◆ WHAT THIS TASK INVOLVES ◆
Retype exactly every line from the one that includes "Polizei Dienstauszeichnung –" through the final line of the listing, both ends kept, and omit the pictures.
-- SUPPLIED DATA follows --
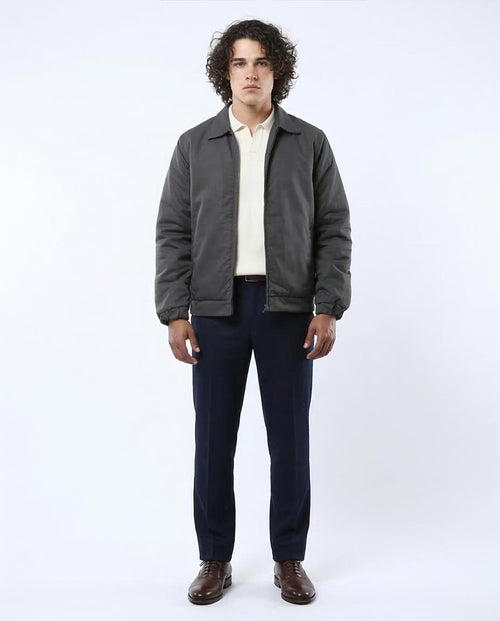 Ravin Men's Zip-Front Twill Workwear Jacket - Charcoal - O174463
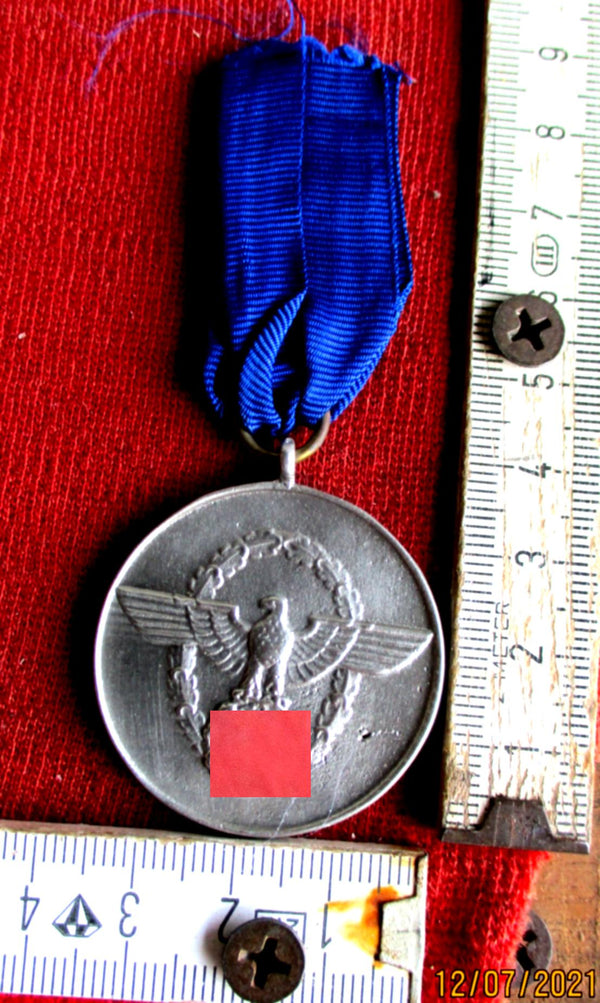 Polizei Dienstauszeichnung – 3. Stufe (8 Jahre) am blauen Band, 1938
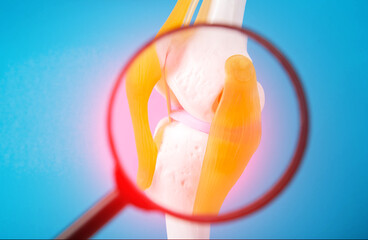 Medical mockup of a knee joint on a blue background under a magnifying glass. Concept of pain and...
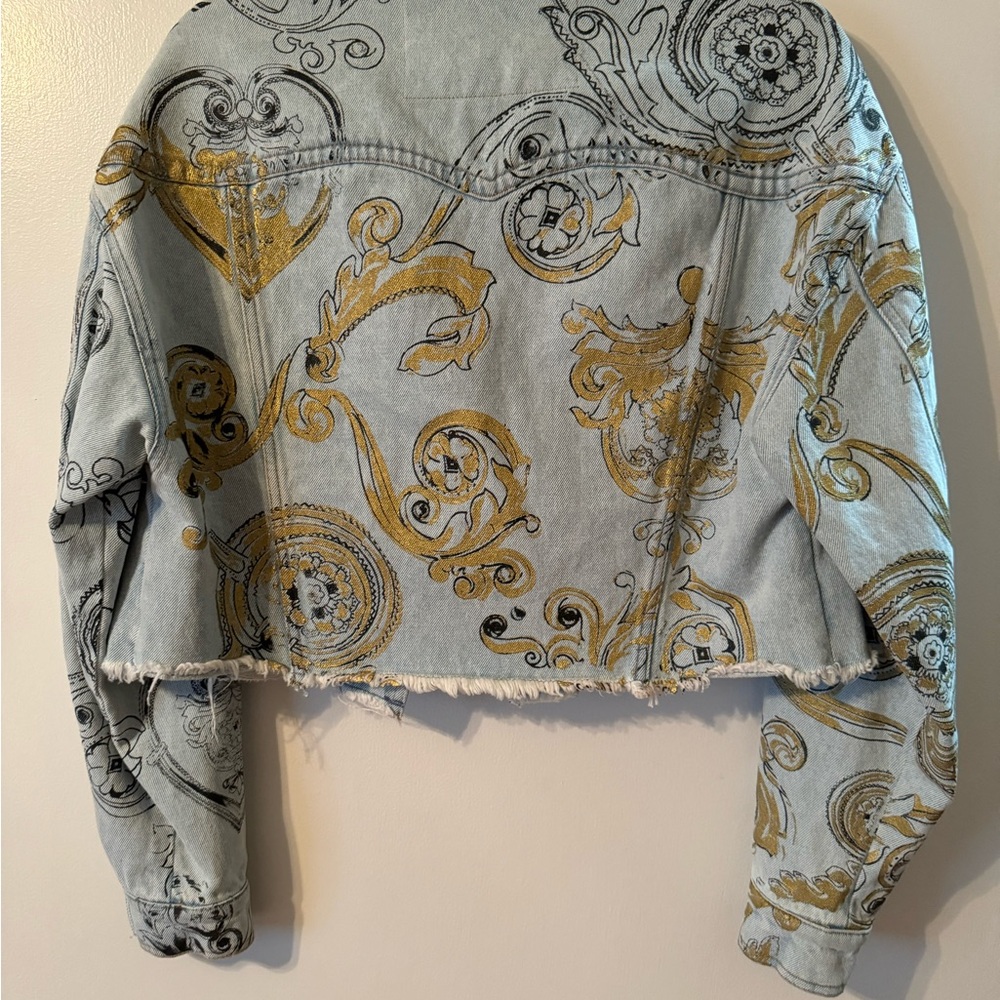 VERSACE couture , Women's Blue and Gold Denim Jacket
-- SUPPLIED DATA concluded --
◆ RESULT ◆
 Polizei Dienstauszeichnung – 3. Stufe (8 Jahre) am blauen Band, 1938
 Medical mockup of a knee joint on a blue background under a magnifying glass. Concept of pain and...
 VERSACE couture , Women's Blue and Gold Denim Jacket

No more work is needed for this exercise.